|The Moment of Tenderness / Madeleine L'Engle|
NY: Grand Central, c2020
This is a collection of previously unpublished short stories ranging over the earlier years of Madeleine L'Engle's writing career, now gathered by her granddaughter. It's an interesting project, and shows the development of some of L'Engle's themes and her style.
There are 18 stories, mostly all written in the 40s and 50s, moving from her early writing years in college to just before the publication of A Wrinkle in Time. They are different in setting -- from rural locations to her familiar New York -- and reveal some of her preoccupations with faith and her own personal experiences transmuted into fiction, much of which shows up in the novels of her later career as well. A thorough introduction by her granddaughter Charlotte examines the place of these stories in both L'Engle's life and her writing career.
I enjoyed this -- I am a L'Engle fan, have been for years, and have read nearly everything she's ever written. So this was a nice addition to the collection! I appreciated how this collection ranges from realism to more speculative stories too, showing her interest in science and fantasy and how they combine.
The evolution of her style was fascinating to see too, although even her early college stories are already really good and show her control of language and the relationships that are a strong element of her subject matter. The prickly mother-daughter relationships of a couple of the stories are clearly drawn, while a couple of the later stories are more speculative and focused on ideas. The range is wide, within her clearly defined style and subject choice. The concept of the collection is interesting, and I think it really worked.

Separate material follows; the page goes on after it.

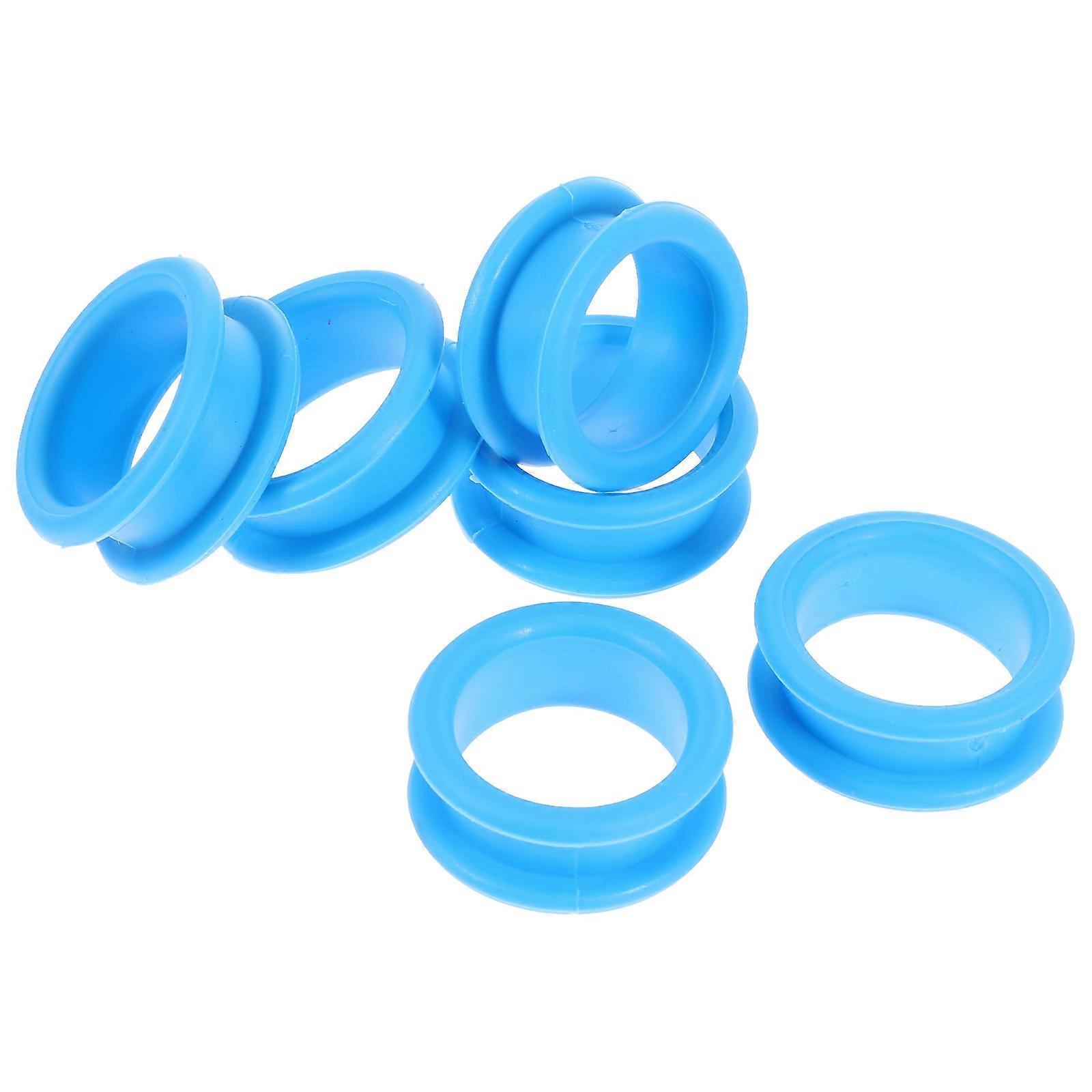 Comfortable Silicone Scissor Finger Ring for Reducing Friction 12Pcs Pack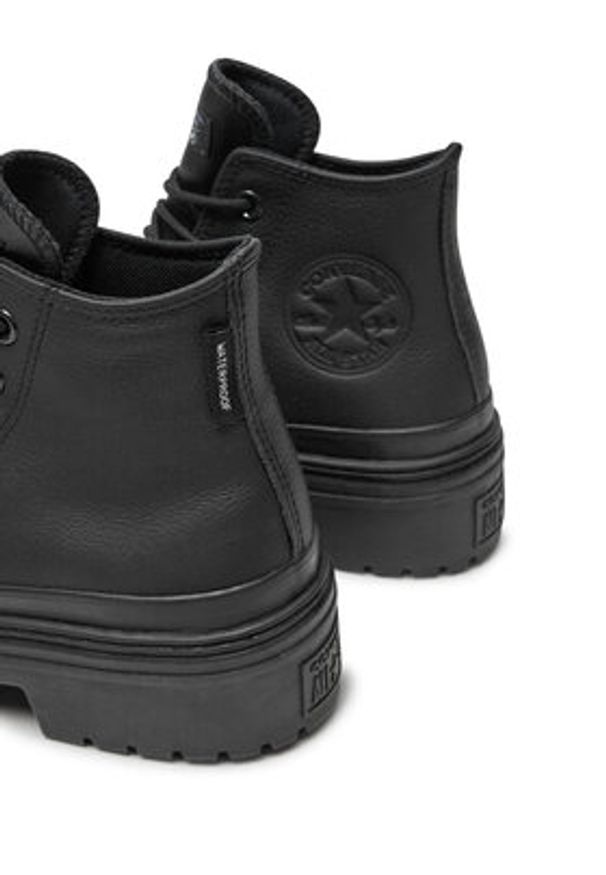 Converse Trampki Chuck Taylor All Star Lugged Heel Platform Waterproof A11548C Czarny. Kolor: czarny. Materiał: skóra. Obcas: na platformie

A couple of my faves from this set:
The Foreign Agent, about a young woman under her mother's thumb who blossoms when she meets her mother's new, young literary agent when they move to New York.
Poor Little Saturday, a fantasy with a witch and a camel and an abandoned plantation house, which reads almost like a Ray Bradbury story
The Fact of the Matter, set in a little town much like L'Engle's rural Connecticut, which is the one that felt most grounded in a specific place and time to me. About outsiders and belonging and facades and people in all their complexity.
If you've read this, or will, I hope you'll share your favourites too.